GSU to study yoga’s impact on juvenile offenders

Yoga has many elements including physical fitness and mindfulness.

Credit: Matt Cardy

Credit: Matt Cardy

Yoga has many elements including physical fitness and mindfulness.

Researchers at Georgia State University’s school of public health will launch a study on the effectiveness of yoga and mindfulness in juvenile justice facilities.

The researchers hope to see whether their new program can provide young offenders with coping skills, and reduce the chances of them re-offending after they leave.

According to the school, the National Institutes of Health gave GSU a $700,000 grant for the three-year project.

The principal investigator, Dr. Ashli Owen-Smith, intends to modify classes that already exist in the facilities in order to specifically serve young offenders who have experienced trauma.

Yoga has a checkered history in Georgia.  Its popularity among adult women has exploded, and it is now being taught in some schools as a stress relieving physical activity.

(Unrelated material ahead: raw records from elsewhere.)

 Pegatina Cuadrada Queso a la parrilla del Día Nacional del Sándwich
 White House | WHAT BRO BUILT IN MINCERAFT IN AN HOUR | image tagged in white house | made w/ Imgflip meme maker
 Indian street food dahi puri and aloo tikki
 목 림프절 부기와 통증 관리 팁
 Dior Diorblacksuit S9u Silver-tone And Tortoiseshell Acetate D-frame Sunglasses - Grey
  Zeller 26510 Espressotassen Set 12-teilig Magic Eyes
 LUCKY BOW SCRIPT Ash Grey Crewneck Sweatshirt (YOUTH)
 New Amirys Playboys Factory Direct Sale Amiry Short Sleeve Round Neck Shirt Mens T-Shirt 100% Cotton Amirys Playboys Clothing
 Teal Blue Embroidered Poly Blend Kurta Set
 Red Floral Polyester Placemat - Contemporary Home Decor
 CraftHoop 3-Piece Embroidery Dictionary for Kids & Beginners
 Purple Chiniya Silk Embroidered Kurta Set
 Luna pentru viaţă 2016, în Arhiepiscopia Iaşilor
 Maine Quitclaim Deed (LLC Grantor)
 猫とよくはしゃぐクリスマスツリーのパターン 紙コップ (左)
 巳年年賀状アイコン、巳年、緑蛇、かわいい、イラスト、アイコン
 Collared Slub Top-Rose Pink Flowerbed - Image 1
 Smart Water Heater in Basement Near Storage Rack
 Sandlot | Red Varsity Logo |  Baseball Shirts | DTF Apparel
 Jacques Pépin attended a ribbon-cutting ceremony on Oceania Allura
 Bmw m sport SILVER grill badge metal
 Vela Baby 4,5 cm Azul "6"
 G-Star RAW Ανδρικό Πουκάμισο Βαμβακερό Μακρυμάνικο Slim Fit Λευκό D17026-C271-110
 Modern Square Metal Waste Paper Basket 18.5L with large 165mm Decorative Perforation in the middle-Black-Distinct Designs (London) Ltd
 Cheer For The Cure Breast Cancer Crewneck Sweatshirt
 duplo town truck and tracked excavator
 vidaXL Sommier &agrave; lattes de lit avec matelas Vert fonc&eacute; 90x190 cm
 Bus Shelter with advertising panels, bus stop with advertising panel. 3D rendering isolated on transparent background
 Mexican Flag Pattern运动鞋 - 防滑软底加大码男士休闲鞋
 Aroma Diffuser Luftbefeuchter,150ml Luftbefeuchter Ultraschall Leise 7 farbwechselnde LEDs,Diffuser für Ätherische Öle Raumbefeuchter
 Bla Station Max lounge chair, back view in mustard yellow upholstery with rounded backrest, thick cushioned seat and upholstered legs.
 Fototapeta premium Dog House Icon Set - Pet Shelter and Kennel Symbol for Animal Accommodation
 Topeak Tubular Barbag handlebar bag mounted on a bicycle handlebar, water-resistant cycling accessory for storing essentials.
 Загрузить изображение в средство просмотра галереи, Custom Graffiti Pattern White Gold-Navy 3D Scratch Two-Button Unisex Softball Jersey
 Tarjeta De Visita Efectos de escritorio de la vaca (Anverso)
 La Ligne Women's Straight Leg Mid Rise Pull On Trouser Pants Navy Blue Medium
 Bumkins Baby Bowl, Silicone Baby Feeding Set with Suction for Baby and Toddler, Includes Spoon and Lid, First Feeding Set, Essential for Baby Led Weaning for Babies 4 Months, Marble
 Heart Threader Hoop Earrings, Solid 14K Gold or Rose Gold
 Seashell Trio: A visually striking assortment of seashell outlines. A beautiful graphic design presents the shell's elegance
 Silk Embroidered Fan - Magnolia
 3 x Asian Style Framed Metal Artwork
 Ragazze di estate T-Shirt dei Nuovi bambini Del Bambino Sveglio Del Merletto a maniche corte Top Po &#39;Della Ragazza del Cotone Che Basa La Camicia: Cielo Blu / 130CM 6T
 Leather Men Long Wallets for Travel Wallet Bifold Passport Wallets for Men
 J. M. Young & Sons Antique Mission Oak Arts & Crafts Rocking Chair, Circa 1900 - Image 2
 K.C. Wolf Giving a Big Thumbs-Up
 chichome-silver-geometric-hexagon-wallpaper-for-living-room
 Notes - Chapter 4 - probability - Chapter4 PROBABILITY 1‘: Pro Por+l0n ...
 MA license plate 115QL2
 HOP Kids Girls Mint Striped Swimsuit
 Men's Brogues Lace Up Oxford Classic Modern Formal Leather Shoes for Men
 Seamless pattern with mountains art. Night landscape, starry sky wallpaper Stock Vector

Last year, however, Bullard Elementary School in Cobb County saw an uproar among some parents who objected.  They were concerned about the non-Christian roots of yoga in Asia, and protested that it was a religious practice.  In response, the school agreed that the yoga students there would no longer close with the traditional Sanskrit greeting of "Namaste," which often has a spiritual element, or put their hands in front of their hearts.